Президент трагически скривил рот. Начиналось самое ужасное. Седоватый лев с пробритым затылком a la Yashin храбро одернул френч, надетый на застиранную олимпийку.
– Докладываю, – фанфарно возгласил он. – На протяжении подготовки к играм Госкомспорт создал тяжелейшие условия. Оргкомитет неоднократно писал жалобы на действия товарищей Зазнобяна, Трилькентраулера, Круппенбаева и Щеколдуна. Однако…
Вбежавшие на согнутых ногах сотрудники внутренней службы заклеили тренеру рот скотчем и, подбив артритные культи, сунули в мешок, отвратительно вонявший запекшейся венозной кровью. По паркету забухало и неритмично и глухо застучало. Президент оглянулся на молодцевато захлопнувшуюся дверь и неторопливо встал.
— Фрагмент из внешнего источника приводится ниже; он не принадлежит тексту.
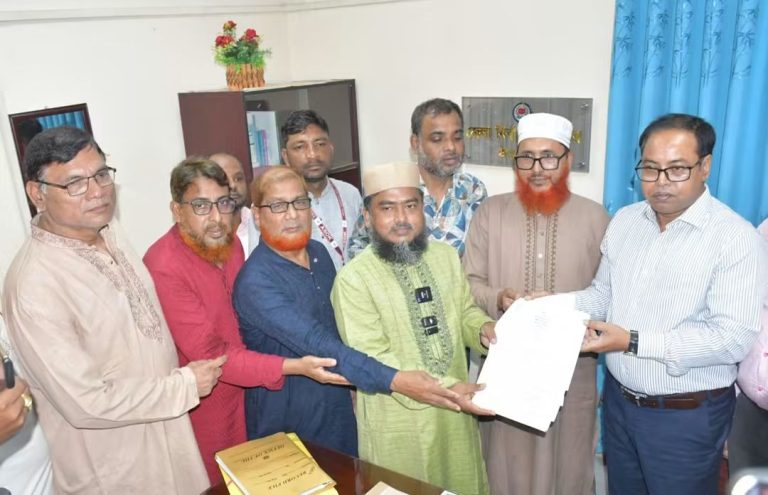 রাষ্ট্রপতি মির্জা ফখরুলের ছেড়ে দেওয়া আসনে দেলাওয়ার হোসেনের মনোনয়ন দাখিল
– Предупреждал же, Свет, да? – сказал он, медленно и жутко идя вдоль опущенных, безвкусно примодненных стрижек. – Предупреждал. Обещали. Ждал. Ведь совсем урою, а? – улыбнулся он широко и бесцветно. – Ур-р-рою. Каждого.
Он подошел к Холкиной и, как бы резвяся и играя, по-отечески сдавил ей шею. Гимнастка растянула рот, зрачки ее съехались к переносице и застыли.
– Башлял же вам, а вы? Формы – завались, французы шили, чего еще, а? Чего нет? Кто запрос составлял? – вскинулся глава страны. – Вот же, твари, во-о-от. Кеды выписали, на оптовом рынке брали, Костик ездил, на стрельбу весь фонд израсходовали, спецов послали, колибри глаз выбьют, прикрыли, замазали, а вы? Лапотки вы чиненые, полторасты вы штопаные, фитильки купленые! – кричал невысокий человек в прекрасно сшитом костюме. – О! Читаю: валенки… а, это не то… Вот! Сумки с символикой – сорок четыре штуки, проигрыватель отечественный – один, флаги – девять, гербовые значки – шестьсот тридцать восемь, так вас и не так, лицензионные, по договору! Безлимитное распространение, дистрибуция, раззалупь вашу занозу через турник и в бассейн! Болельщики – двести девяносто голов, проверенные кадры, члены семей, следование расконвоированное, на довольствии Управления делами. База – охрененнейшая! Вы охренели, что ли, совсем? На кого работаете, хорьки? Выдал кто? Ты? Сдал нас – кто? Ты – говори – ты? – ткнул он в заваливающуюся набок повариху. – Ты? – Вызывающе краснокостюмная «командный доктор» из гостиничной обслуги резво полезла под стол. – Статью повешу, сгною, на холерные прииски, в говняные рудники закатаю ж, эх! Себя не щадите – страну пожалейте! Предупреждал же, советовал, спрашивал, наставлял, помогал!!! – Президент взвыл, закачался на каблуках, махнул белым платком с монограммой и скрылся посреди изукрашенного зала в прозвучавшей, как пощечина, фосфорной вспышке.
Спортсмены глубоко вздохнули и затряслись, увидев палачей, вбегающих к ним из распахнутого золотого жерла, с веревками, крючьями, плетями, дыбами… и упали в обморок. Пол тут же провалился, Кремль сложился внутрь, и только табло в уцелевшем для экскурсий коридоре упрямо мигало: «Вперед, Россия!»